Member of the Amyotha Hluttaw
- Incumbent
- Assumed office 1 February 2016
- Constituency: Shan State No.1
- Majority: 226919 votes

Personal details
- Born: 12 April 1974 (age 51) Shwebo, Sagaing Region, Burma (Myanmar)
- Party: National League for Democracy
- Spouse: War War Lwin
- Parent(s): Than Tun (father) Khin Cho (mother)
- Alma mater: Mandalay Technological University B.E (Mechanical), MIT

= Zaw Min Latt =

Burmese politician

Zaw Min Latt (ဇော်မင်းလတ်, born 12 April 1974), also known as Ko Latt, is a Burmese politician currently serving as a House of Nationalities MP representing the Shan State No. 1 constituency. He is a member of National League for Democracy.

==Early life and career==
He was born on 12 April 1974 in Shwebo, Sagaing Region, Burma (Myanmar).

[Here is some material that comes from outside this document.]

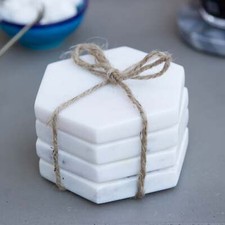 SALE Factory Overstock -  Set of 4 White or Grey Solid Marble Hexagonal Coasters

He graduated with B.E (Mechanical), MIT from
Mandalay Technological University. His previous job was as a trader.

==Political career==
He is a member of the National League for Democracy. In the 2015 Myanmar general election, he was elected to the Amyotha Hluttaw, winning a majority of 226919 votes from the Shan State No. 1 parliamentary constituency.